++++ Record extracts ++++

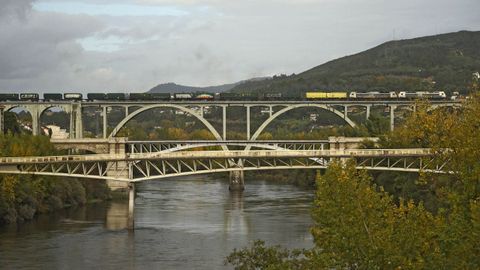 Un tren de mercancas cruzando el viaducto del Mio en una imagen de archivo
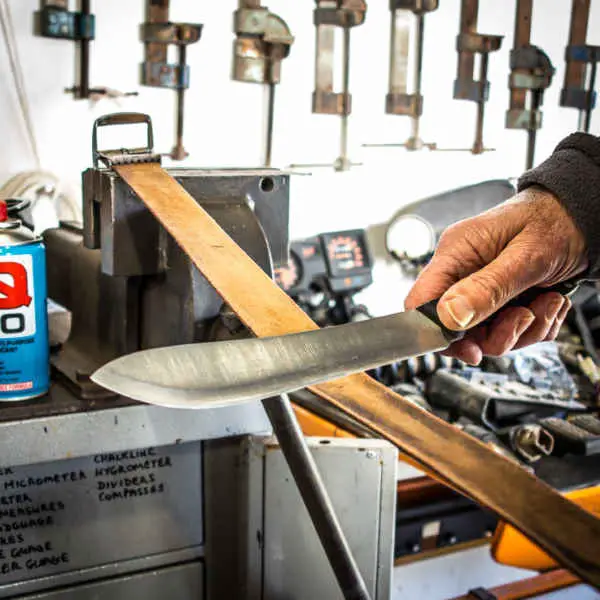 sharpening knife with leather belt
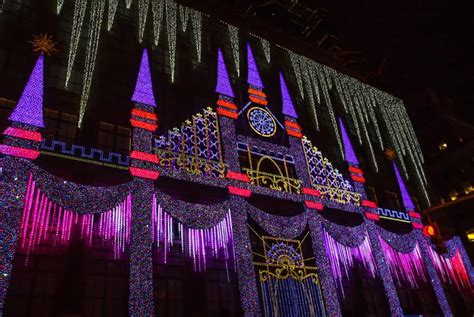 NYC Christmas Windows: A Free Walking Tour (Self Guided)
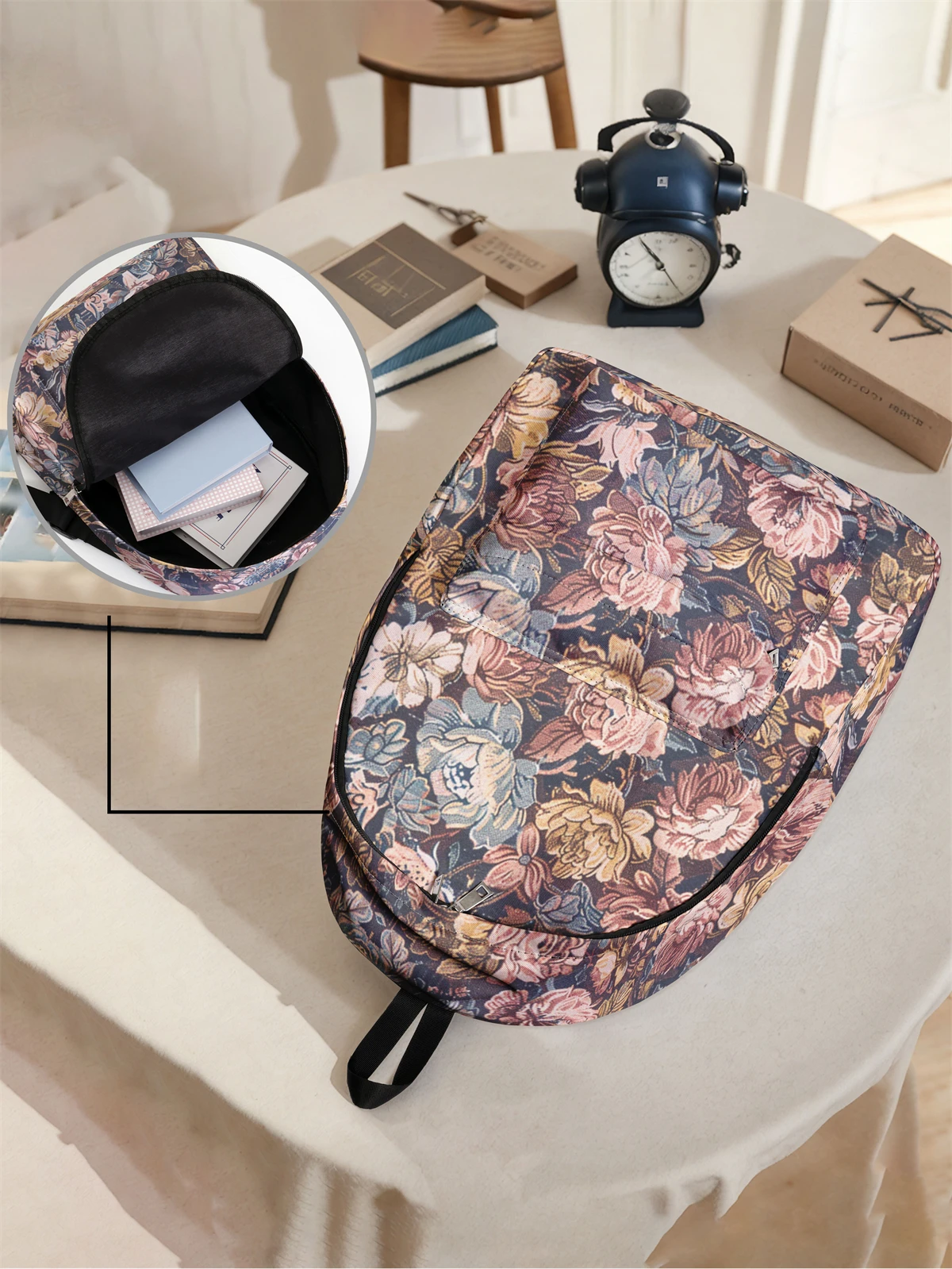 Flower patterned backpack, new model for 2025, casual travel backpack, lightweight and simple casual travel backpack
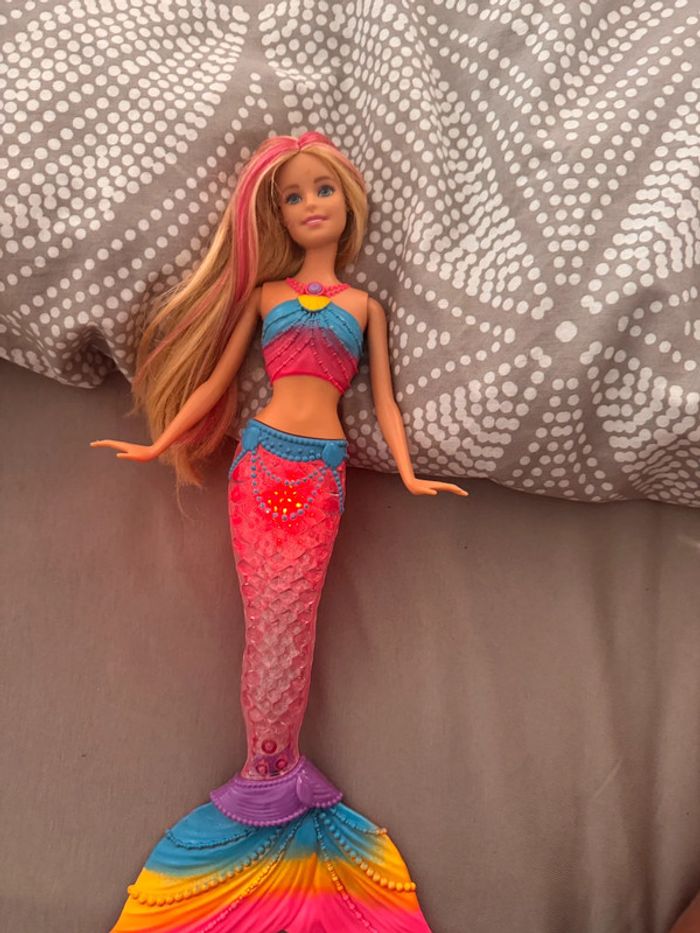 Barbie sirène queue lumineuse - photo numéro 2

++++
++++ Record extracts ++++

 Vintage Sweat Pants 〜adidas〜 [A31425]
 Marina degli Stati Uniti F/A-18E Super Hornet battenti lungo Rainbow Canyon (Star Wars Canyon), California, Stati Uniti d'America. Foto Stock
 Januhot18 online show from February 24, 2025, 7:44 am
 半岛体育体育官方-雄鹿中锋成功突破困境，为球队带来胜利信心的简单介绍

++++

Task goal
Above are the records; repeat exactly the lines from the one holding "Januhot18 online show" down to the one holding "半岛体育体育官方-雄鹿中锋成功突破困境，为球队带来胜利信心的简单介绍", end lines included.

Solution for this problem
 Januhot18 online show from February 24, 2025, 7:44 am
 半岛体育体育官方-雄鹿中锋成功突破困境，为球队带来胜利信心的简单介绍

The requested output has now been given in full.